Unfortunately, however, the special needs adult who is not properly protected by a guardian, or is not properly supervised, may be sought out and targeted by financial abusers or other predators. Such a special needs adult can be vulnerable living alone (potentially with power to sign documents and make contractual agreements) without the protection of an accessible guardian.
Establishing adult guardianship of a special needs child may make the parent’s estate planning more certain. A parent may choose his or her choice of adult guardian for their special needs child (to serve after the parent has died) in the parent’s will document, a recommendation which is normally followed by the Clerk.

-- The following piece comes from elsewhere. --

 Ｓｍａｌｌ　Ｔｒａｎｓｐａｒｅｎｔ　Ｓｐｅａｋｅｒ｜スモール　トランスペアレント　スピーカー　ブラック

If the parent has already established adult guardianship of his or her special needs child during the parent’s lifetime, the parent has not left the uncertain determination of his or her special needs child’s guardianship up to others following the parent’s death.
If the parent has previously established adult guardianship, the parent’s choice of a successor or continuation guardian in the parent’s will (without the Clerk also needing to find the special needs child incompetent first) provides an easier and less complicated decision for the Clerk, and may more predictably assure the parent that his or her special needs child will continue to be protected.